Only the text of the entries below should be returned, exactly as given, without pictures.
DATA FOR THIS EXERCISE section start
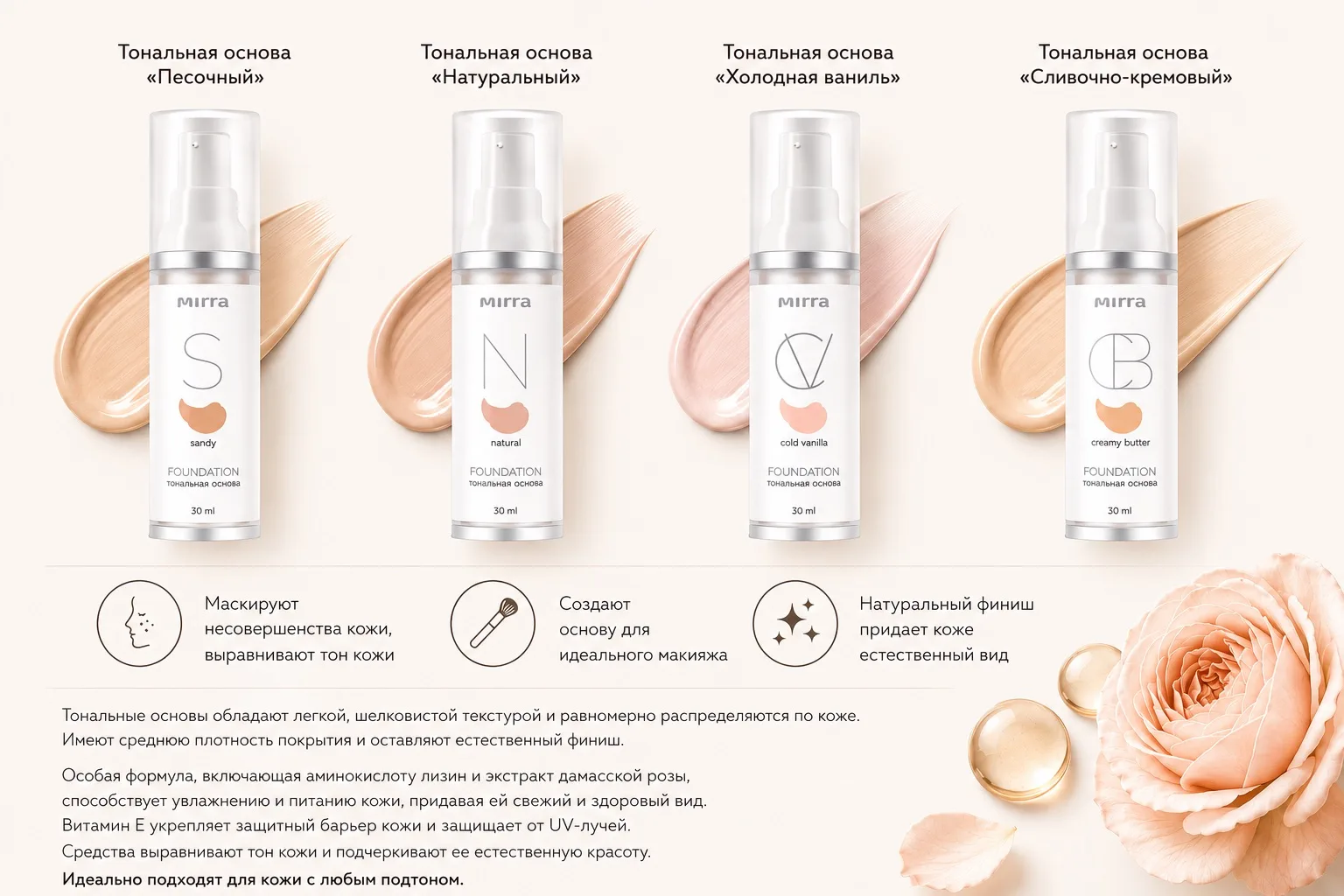 ✨ Тональные основы MIRRA — естественное покрытие и комфорт для вашей кожи ✨  📍Выберите свой оттенок:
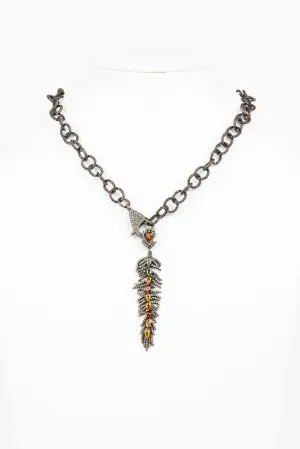 Pave Diamond , Sapphire Feather Necklace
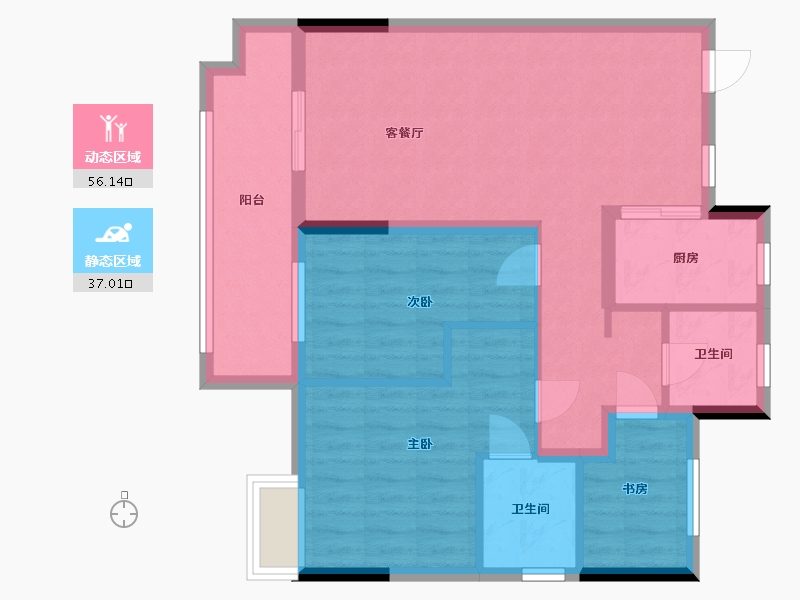 江苏省-南通市-中梁首府壹号-89.80-户型库-动静分区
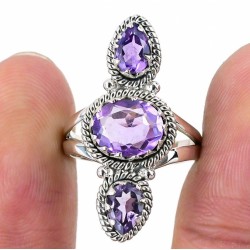 925 Sterling zilveren ring met facet Amethist 18.5 mm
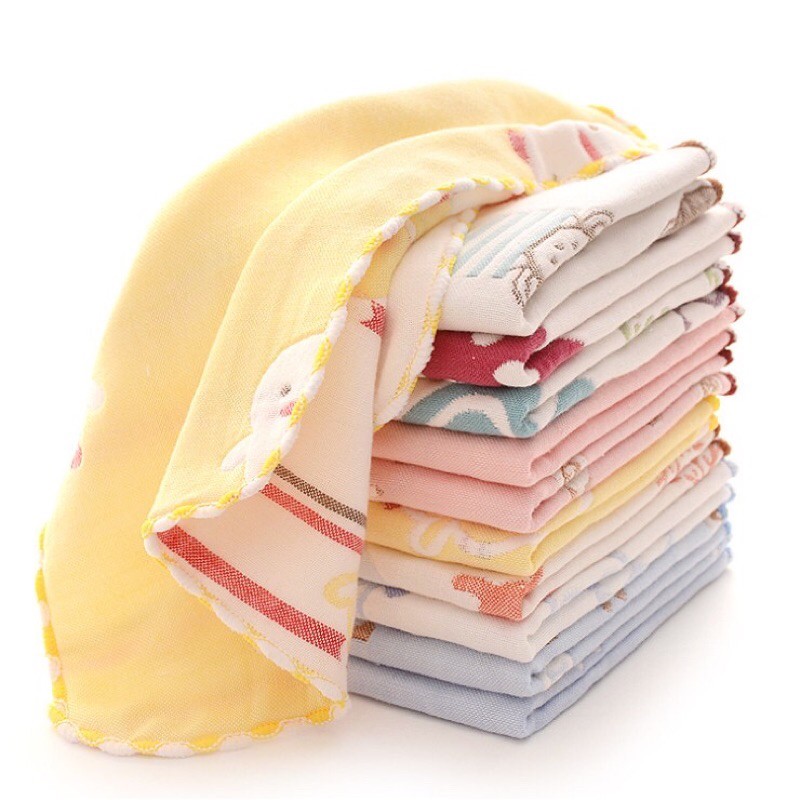 Khăn mặt cotton 6 lớp kích thước 25x25cm cho bé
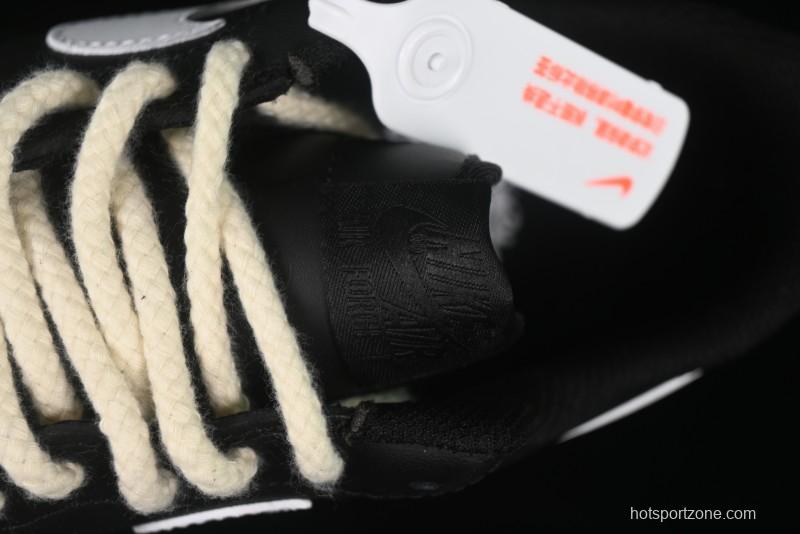 Nike Air Force 1 '07 Low Casual Sneakers in Black & White with Hemp Rope Detailing - ZH0316-073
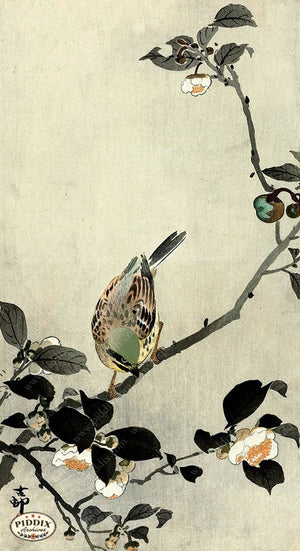 PDXC19542 -- Japanese Bird and Flowers Woodblock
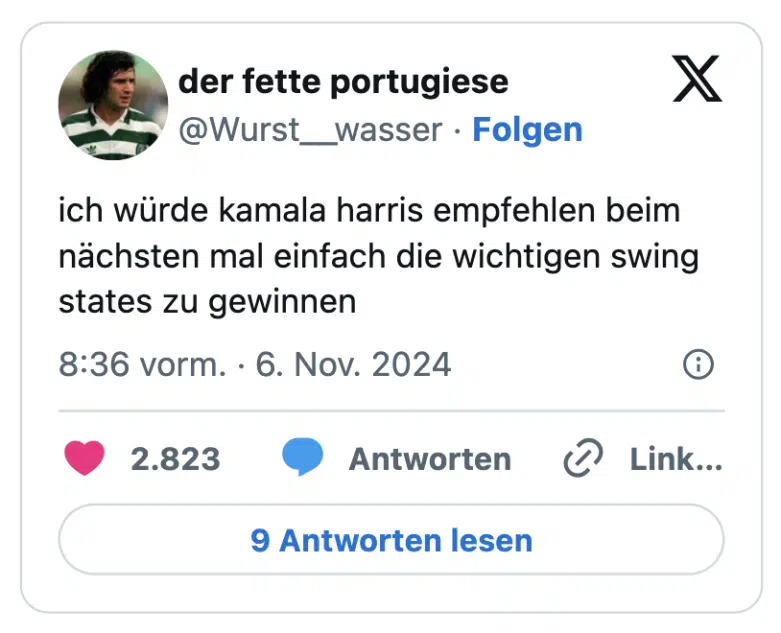 ich würde kamala harris empfehlen beim nächsten mal einfach die wichtigen swing states zu gewinnen
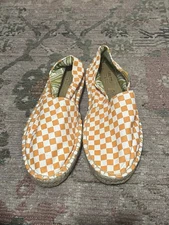 Ubuntu Life Orange White Checkered Espadrilles Size 8M
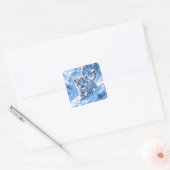 Fantasy Süßer Schneebaby Leopard Quadratischer Aufkleber (Umschlag)
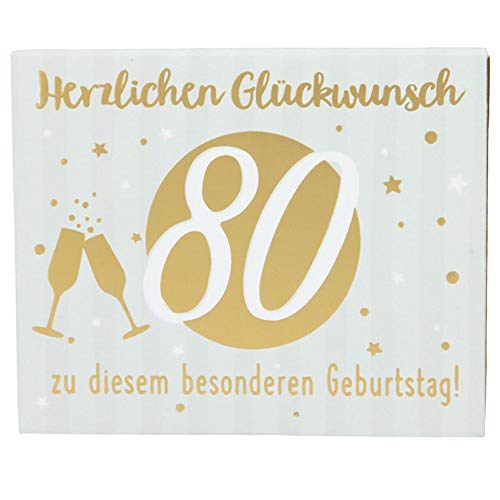 Depesche 11145-008 Wunscherfüller Soundbox zum 80. Geburtstag, mit Melodie und Geldbrief, ca. 11,2 x 9,5 x 3,5 cm von Depesche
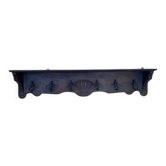 Large antique wall-mounted coat rack in carved wood 135 cm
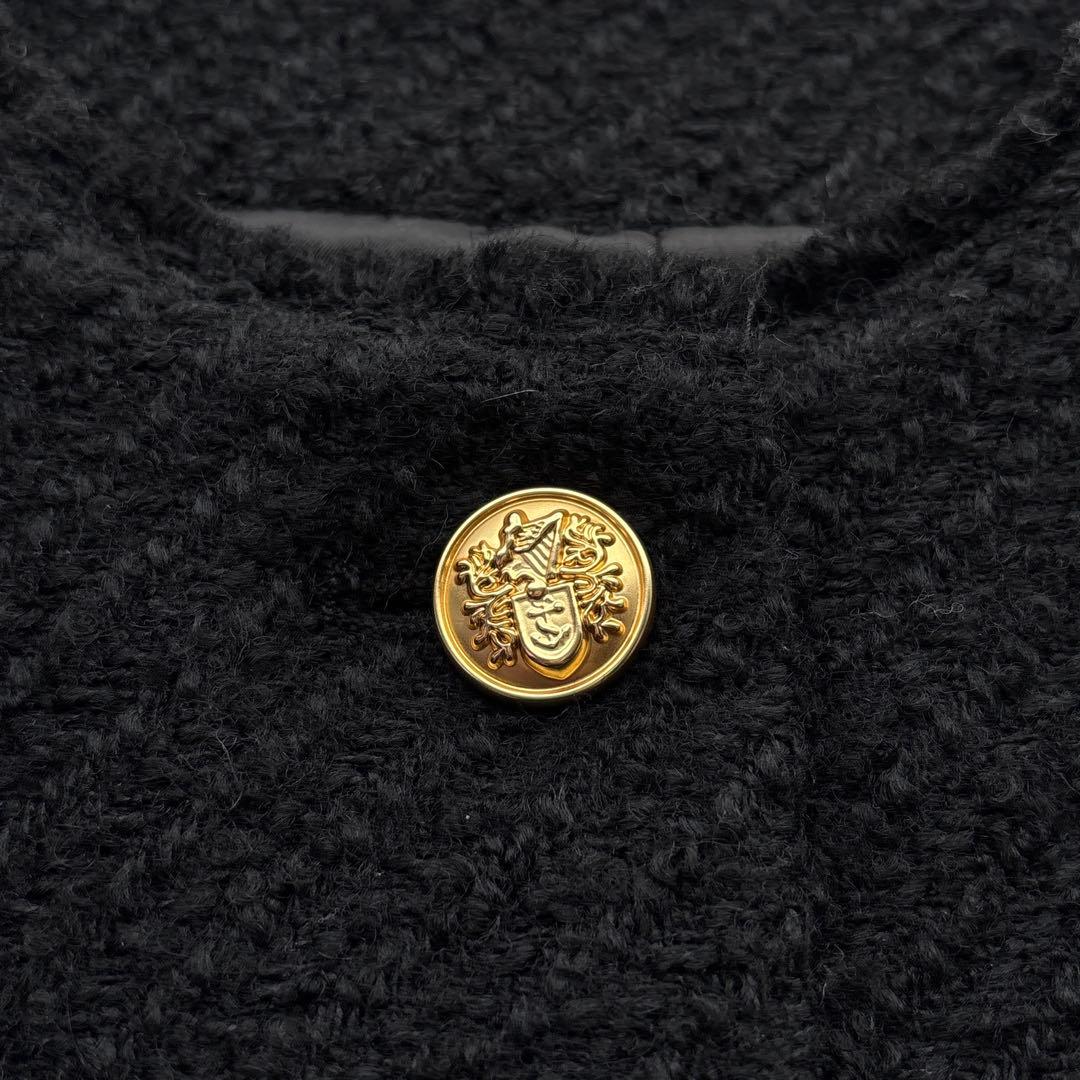 ラウンジドレス 金ボタン ノーカラー ツイードジャケット 黒 ブラック 卒入学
DATA FOR THIS EXERCISE section end
REPLY:
 ✨ Тональные основы MIRRA — естественное покрытие и комфорт для вашей кожи ✨  📍Выберите свой оттенок:
 Pave Diamond , Sapphire Feather Necklace
 江苏省-南通市-中梁首府壹号-89.80-户型库-动静分区
 925 Sterling zilveren ring met facet Amethist 18.5 mm
 Khăn mặt cotton 6 lớp kích thước 25x25cm cho bé
 Nike Air Force 1 '07 Low Casual Sneakers in Black & White with Hemp Rope Detailing - ZH0316-073
 PDXC19542 -- Japanese Bird and Flowers Woodblock
 ich würde kamala harris empfehlen beim nächsten mal einfach die wichtigen swing states zu gewinnen
 Ubuntu Life Orange White Checkered Espadrilles Size 8M
 Fantasy Süßer Schneebaby Leopard Quadratischer Aufkleber (Umschlag)
 Depesche 11145-008 Wunscherfüller Soundbox zum 80. Geburtstag, mit Melodie und Geldbrief, ca. 11,2 x 9,5 x 3,5 cm von Depesche
 Large antique wall-mounted coat rack in carved wood 135 cm
 ラウンジドレス 金ボタン ノーカラー ツイードジャケット 黒 ブラック 卒入学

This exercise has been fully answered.